前出の体験から、庭の要素の中でも花が果たす役割はとても大きいのではないかと感じました。まず、花が共通の花が共通の話題になるので、初めて話す時でも話を発展させやすいといえます。スーパーの店頭には必ずガーデニングコーナーがあるほど住んでいる人の関心が高いので、無難な話題になるだけでなく、それぞれの人が何らかの理由をもって選んでいるので、相手の様子を見ながら話題を広げていくことができます。次に、水やりなどのために、庭に出る機会が増えます。水やりにかかる時間はごくわずかですが、「数多くの短い時間の出来事が、より大規模で長時間の出来事のために間違いなく必要」(ゲール,2016)との言及もあり、出かける用事がなくても庭に出る機会が増える、というのは重要な点だと感じました。最後に、花によって通る人の関心を引くことができます。色の心理効果で「誘目性」というものがあるのですが、これは一言で言うと色の目立ちやすさのことで、一般的に寒色系より暖色系の方が、そして鮮やかな色の方が誘目性が高く、目立ちやすい色となります。(東京商工会議所,2012)ピンクや黄色などの花の色は、周辺の緑や外壁色よりもずっと誘目性が高いため、通る人の目を引き付けることができます。そして通りに花が多くあることは、柔らかなエッジが必要とする、「見たり触れたりするものが豊富にあり、歩みを緩め、時には立ち止まりたくなる」(ゲール,2016)ということとも重なります。

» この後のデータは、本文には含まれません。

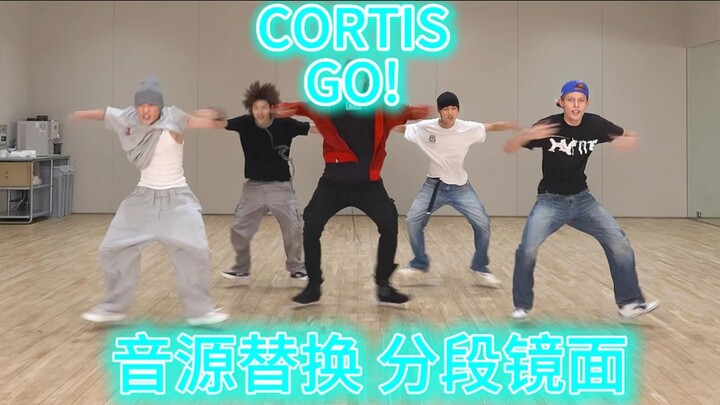 【Phụ kiện không thể thiếu khi chiếu màn hình tập nhảy】CORTIS--GO! Phòng tập chia đoạn, chế độ gương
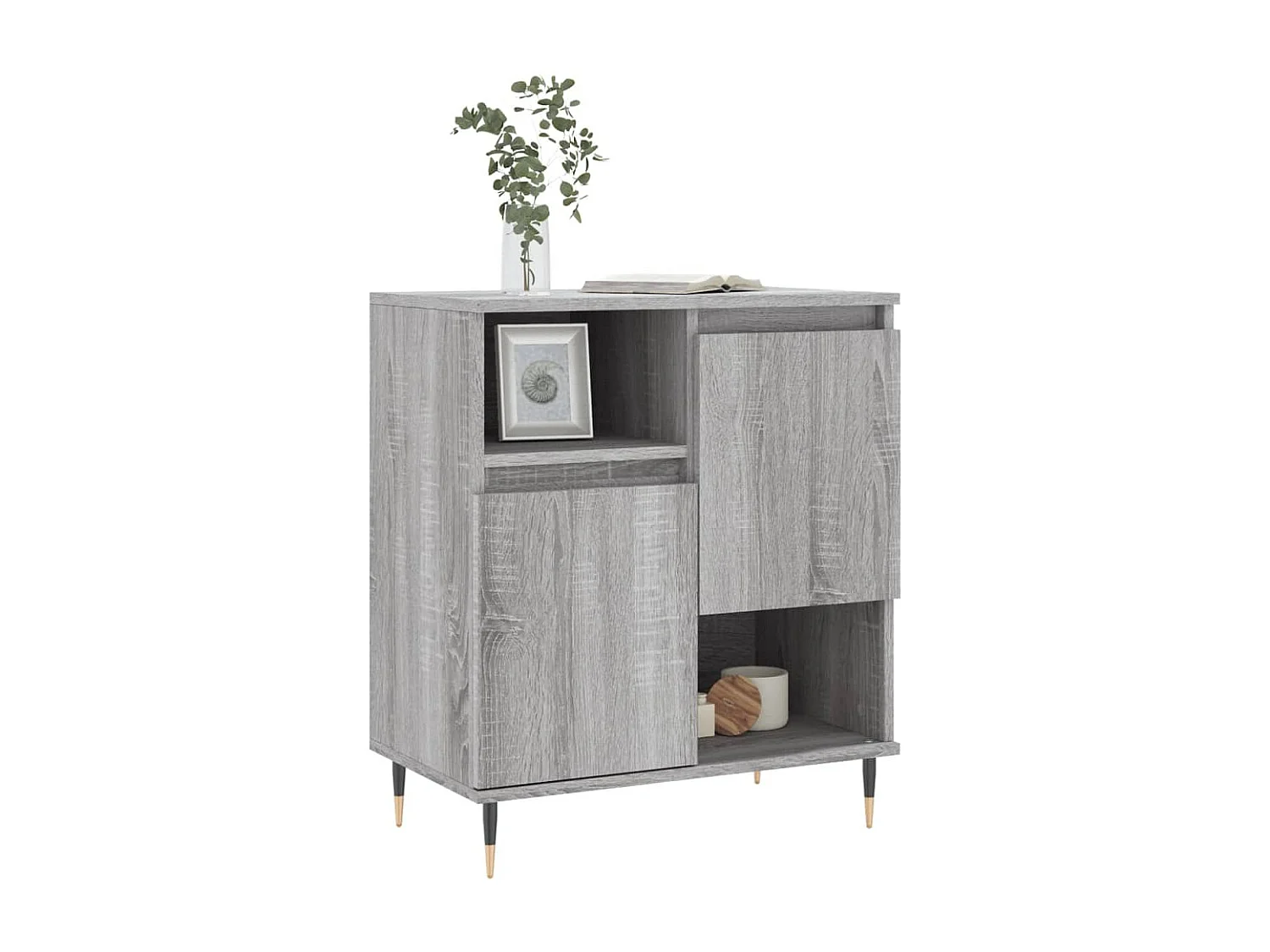 Buffet | Bahut | Meuble de rangement Sonoma gris 60x35x70 cm Bois d'ingénierie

思い返すと、花が会話のきっかけになる、というのは以前にも感じたことがありました。ある日曜の午後、神奈川県横浜市にある旧市庁舎前のくすのき広場に行った時のことです。くすのき広場は1970年代に整備された歩行者優先道路の先駆けとなる通りなのですが、見ていると、広場に差し掛かると同時に人の歩行スピードが緩やかになり、ゆっくり花壇に目をやったり、花壇に近寄って花に触れながら新しい会話を始めたり、という光景を何度も目にしました。もちろん、広場自体が人がくつろげるよう設計されていたからこそのことだと思うのですが、わずか30-40分ほどの間でも通行するほとんどの人の行動に何らか変化が見られたことがとても印象的で、豊かな植栽が加わることによる相乗効果に大変驚きました。

豊かな植栽がみられるくすのき広場(日本・神奈川)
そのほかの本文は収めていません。